KASTAMONU’NUN HASTASI OLDUM
“KILIÇDAROĞLU mu? Erdoğan mı?” diye sokak röportajı yapmaya çalışıyor adamın biri Kastamonu sokaklarında.
*
Mikrofonu uzatıyor, “Oyunuzu kime vereceksiniz?” diye soruyor. Şahsiyet sahibi Kastamonu ahalisi, “Ya boş ver şimdi”, “Vaktim yok”, “Geç, geç” diye cevaplar veriyor. Sanki sözleşmişler gibi hepsinin tavrı aynı.
Hiçbirinde uzatılan mikrofona anında dökülmek gibi bir yaklaşım yok.
*
Yaşasın Kastamonu’nun şahsiyet direnişi.
TWİTTER’DAN ÇIKINCA
BAYRAMDA Twitter’dan çıkıp memleketlerine giden bazı arkadaşlar, seçmen gerçekliğiyle karşılaşmışlar.
Şöyle şeyler paylaşıyorlar sosyal medyada:
*
Sakarya’dan bildiriyorum: Burada başka bir hava var. Konya’dan bildiriyorum: Burası başka telden çalıyor. Erzurum’dan bildiriyorum: Burası hiç Twitter gibi değil. Ankara’dan eniştemgillerden bildiriyorum: Burası moral bozuyor.
Kocaeli’den, İstanbul’un bazı bölgelerinden, Kayseri’den falan hep aynı bildirimler.
*
Ha şöyle! Azıcık çıkın şu yankı odanızdan.
İMAMOĞLU’NA ACİL TOGG YOLLANMALI
EKREM İmamoğlu, “Bana Togg versinler. Almaya hazırım. Yollasınlar hemen. İstanbul sokaklarında Togg’a hava attırırım” demiş.
*
CHP’li bir belediye başkanına Togg reklamı yaptırmak, süper bir fırsat.

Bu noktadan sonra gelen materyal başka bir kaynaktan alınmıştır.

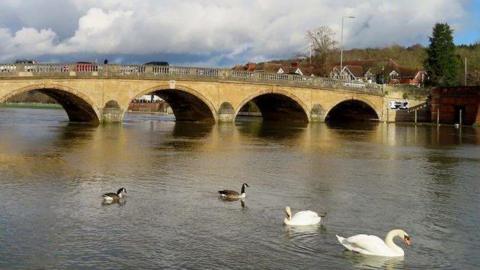 Henley Bridge over the River Thames. Swans are in the foreground. The 'H' graffiti tag can be glimpsed on the far right of the bridge.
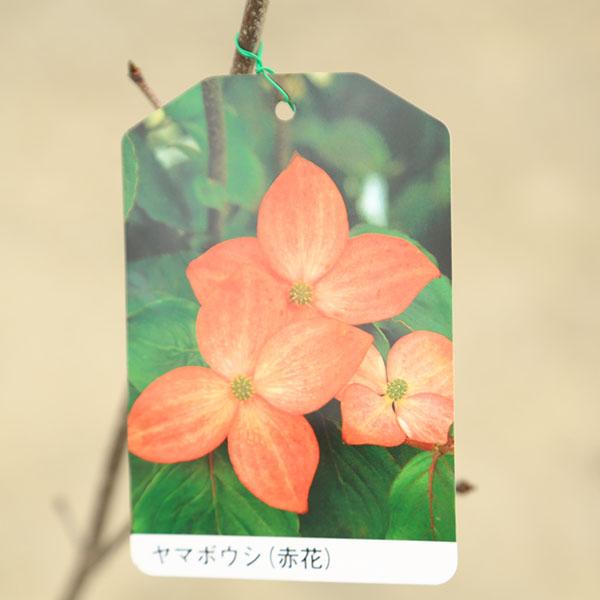 庭木：山法師（ヤマボウシ）*赤花or白花or源平 樹高：約100cm お選び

Togg, bu fırsatı kaçırmamalı.
ABDURRAHMAN’IN DOĞALGAZ BAYRAMI
ABDURRAHMAN Uzun isimli AK Partili bir fenomen var.
Tarzı, hiç tarzım değil.
“Doğalgaz keşfedildi” denilince... “Yakın doğalgazı. Açın pencereleri” falan diye bas bas bağırmıştı. Muhalifler de kendisiyle epey dalga geçmişti.
*
Ücretsiz doğalgaz olayı, Abdurrahman Uzun’un rövanşına öyle bir zemin hazırladı ki... Uzun, şimdi haklı olarak kendisiyle dalga geçenlerle fena dalga geçiyor.